(Stored dataset items)

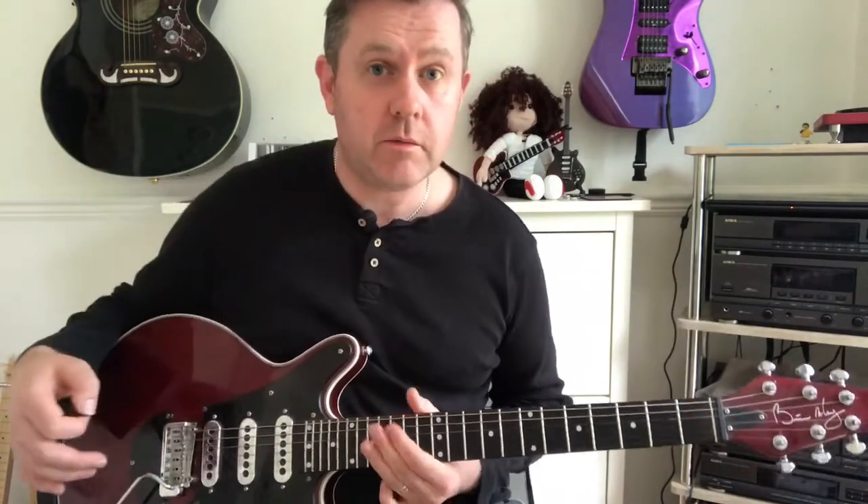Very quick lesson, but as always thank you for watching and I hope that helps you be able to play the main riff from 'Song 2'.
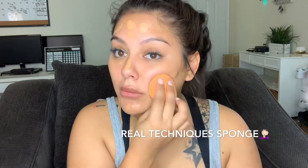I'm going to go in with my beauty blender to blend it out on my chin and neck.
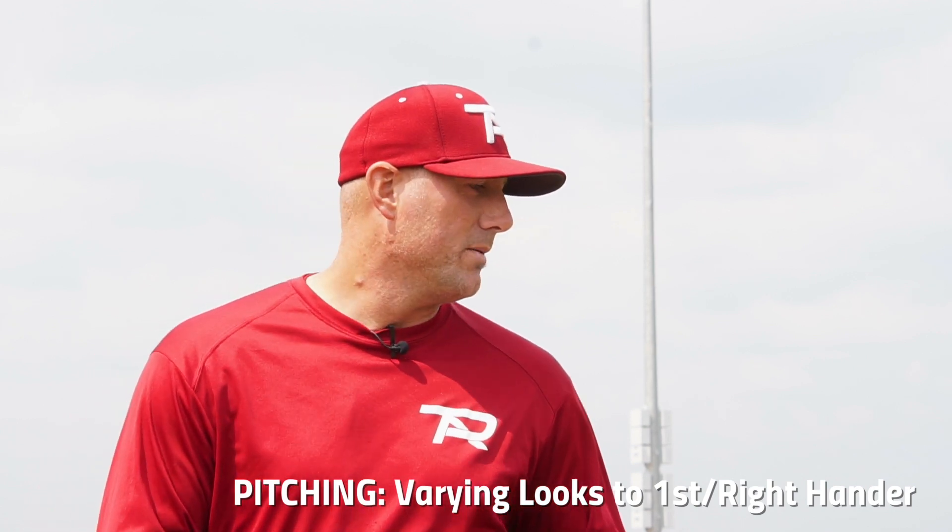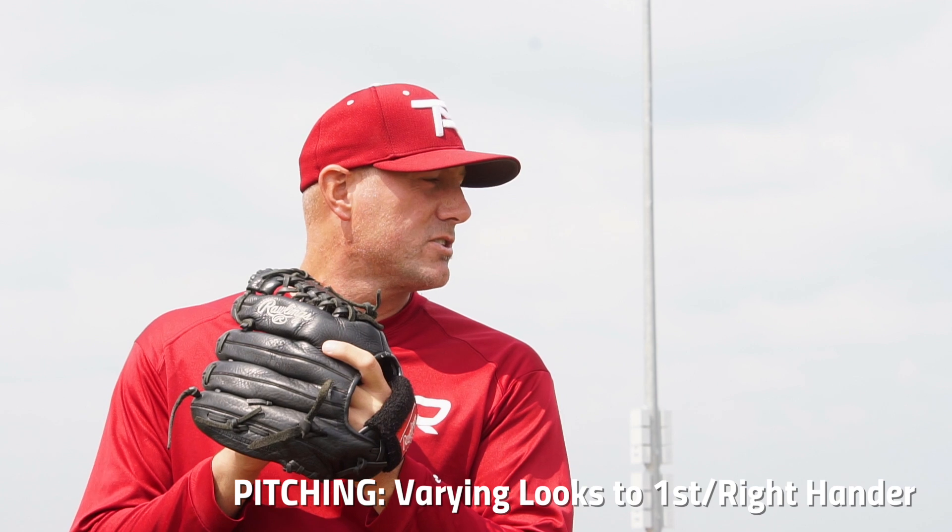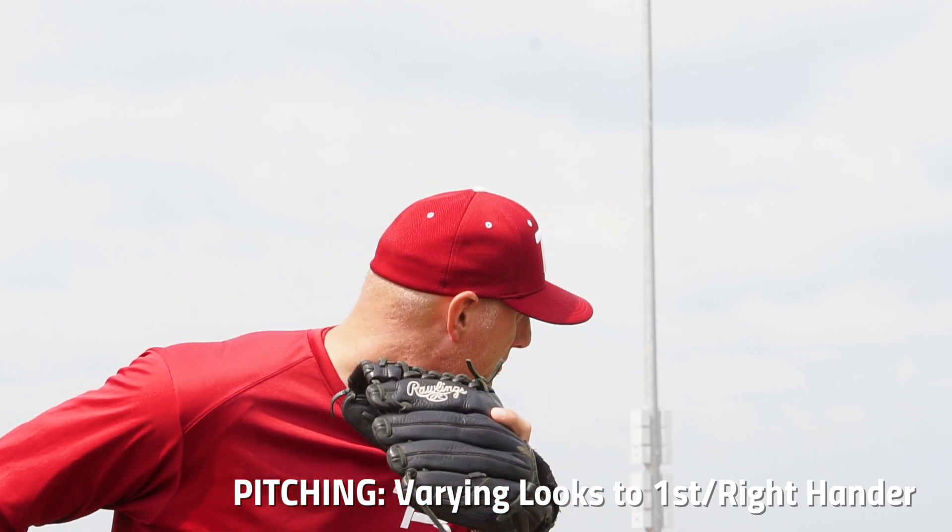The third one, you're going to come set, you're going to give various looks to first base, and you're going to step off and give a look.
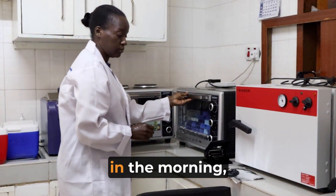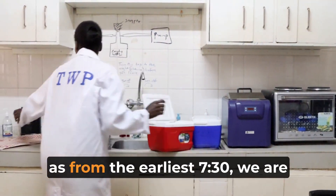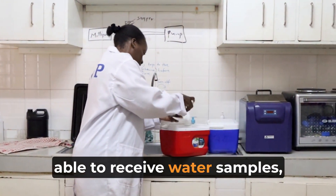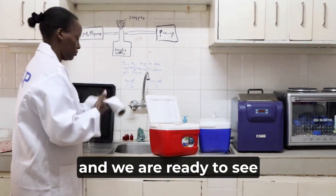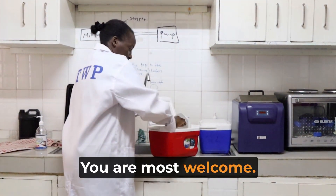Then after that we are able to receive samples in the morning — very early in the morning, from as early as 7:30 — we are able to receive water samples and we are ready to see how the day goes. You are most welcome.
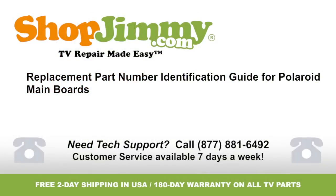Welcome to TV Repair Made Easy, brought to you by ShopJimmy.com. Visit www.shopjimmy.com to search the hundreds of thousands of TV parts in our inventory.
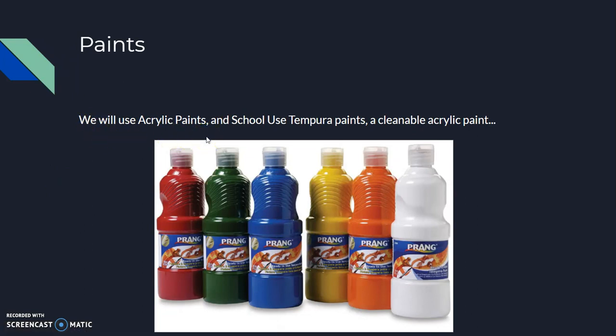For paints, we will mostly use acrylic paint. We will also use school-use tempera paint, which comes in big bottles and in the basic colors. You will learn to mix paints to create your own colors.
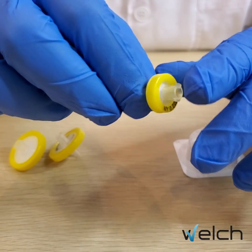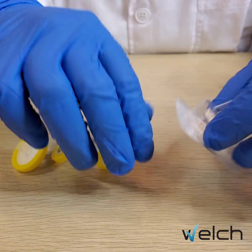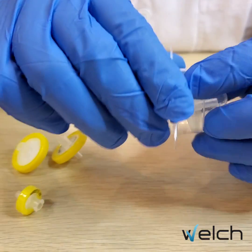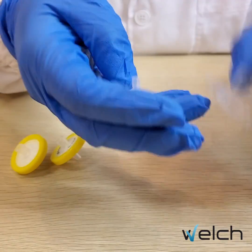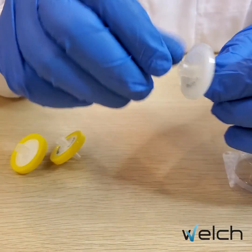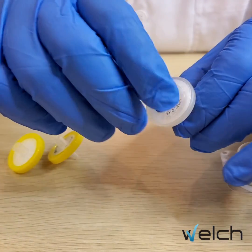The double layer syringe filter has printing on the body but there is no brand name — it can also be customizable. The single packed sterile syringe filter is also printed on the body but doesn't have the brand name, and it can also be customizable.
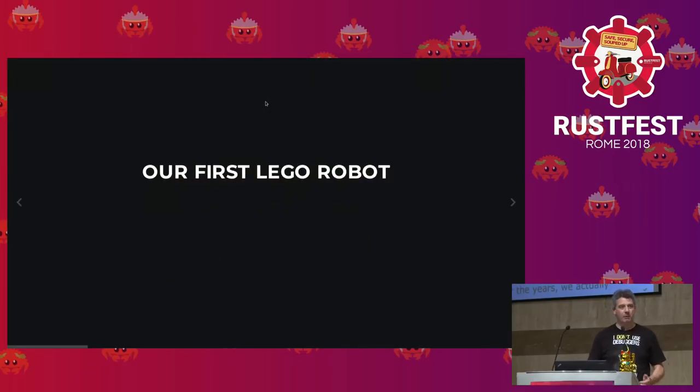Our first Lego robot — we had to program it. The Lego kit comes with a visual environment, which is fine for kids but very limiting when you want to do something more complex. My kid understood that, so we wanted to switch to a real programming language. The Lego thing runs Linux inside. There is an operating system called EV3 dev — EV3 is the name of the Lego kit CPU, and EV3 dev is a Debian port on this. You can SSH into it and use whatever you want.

* _Instructions for the task_:
A verbatim copy of the records is expected, from their first line through the line with "Welcome to TV", inclusive, with the pictures removed.

* _Solved exercise_:
Very quick lesson, but as always thank you for watching and I hope that helps you be able to play the main riff from 'Song 2'.
I'm going to go in with my beauty blender to blend it out on my chin and neck.
The third one, you're going to come set, you're going to give various looks to first base, and you're going to step off and give a look.
Then after that we are able to receive samples in the morning — very early in the morning, from as early as 7:30 — we are able to receive water samples and we are ready to see how the day goes. You are most welcome.
Welcome to TV Repair Made Easy, brought to you by ShopJimmy.com. Visit www.shopjimmy.com to search the hundreds of thousands of TV parts in our inventory.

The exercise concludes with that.